Using splink with multiple email addresses being matched to one

Theo suggested that I write this in here.

I've got a list of email addresses (from our Auth0 logs) associated with users. This list has up to 5 email addresses per user, with a varying number per user.

I've also got a list of email addresses associated with SOP. This list has one email address per user.

I would like to link up the two. Ideally I'd like to be able to score the match probability based on the best possible match (I think, I'm open to alternative suggestions).

What I have in fact done is replicate the SOP email address 5 times, so the two tables look like:

Auth0 Each row has 5 fields for email_person (the bit of the email address before the '@'), entitled email_person_0, email_person_1, email_person_2, email_person_3, and email_person_4. Some of these fields are NULL. However, the NULLS work in such a way that if email_person_i is NULL, then so are all email_person_j values for j > i. Which makes things easier

SOP Each row has 5 fields for email_person (the bit of the email address before the '@'), entitled email_person_0, email_person_1, email_person_2, email_person_3, and email_person_4. They are all identical, and none of them are NULL.
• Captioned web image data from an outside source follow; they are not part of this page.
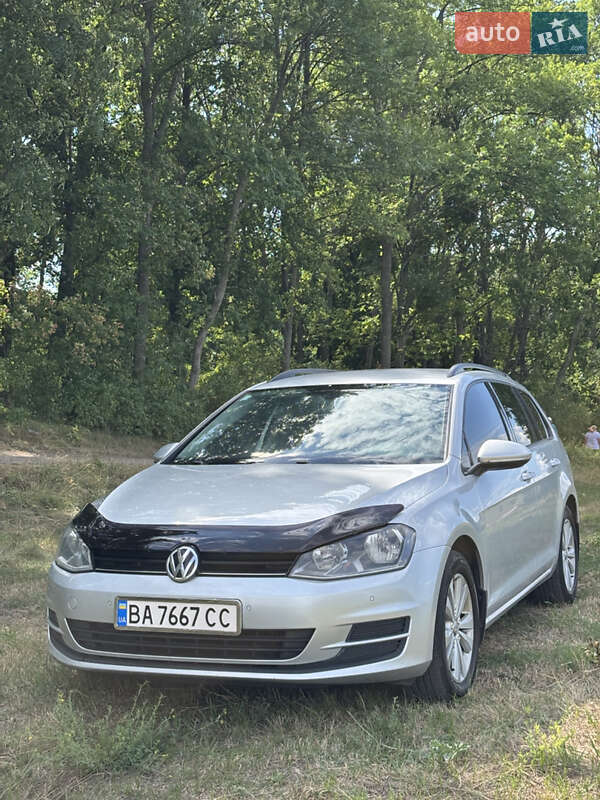 Универсал Volkswagen Golf 2016 в Знаменке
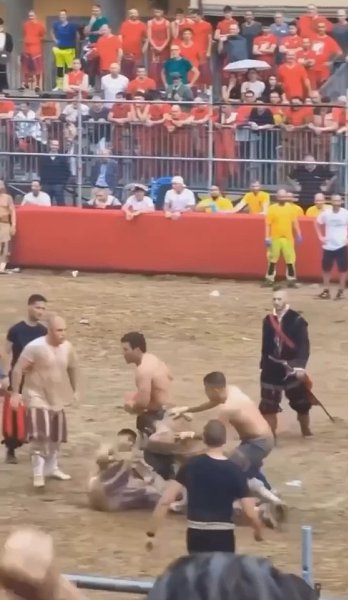 Самый кровавый вид спорта - флорентийское кальчо. Флорентийское кальчо – это древний вид футбола, ... - 2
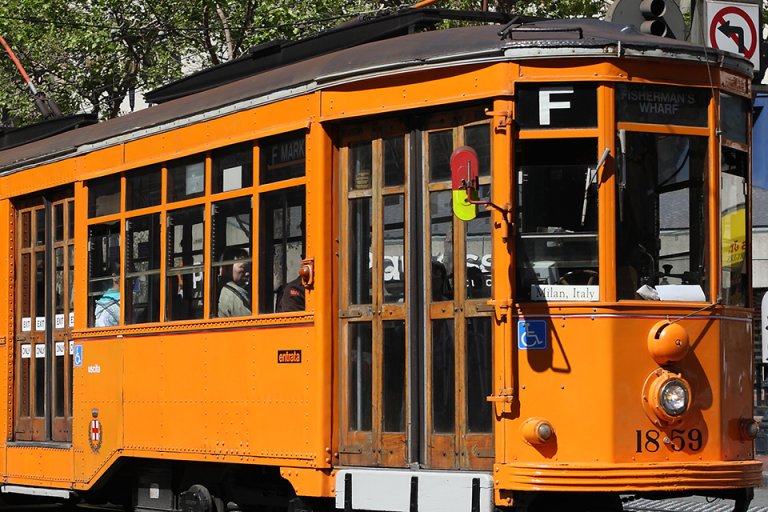 歴史的路面電車にケーブルカー……多くの交通機関が街の顔として活躍するサンフランシスコのバス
I then join the two using splink.

I've done this by defining a few functions:

def one_min_cos_dist_over_thresh(col1, col2, thresh):
    return(f"""((1-cosine_distance(QgramTokeniser({col1}), QgramTokeniser({col2}))) > {thresh})""")

def is_null(col1, col2):
    return(f"""({col1} is null or {col2} is null)""")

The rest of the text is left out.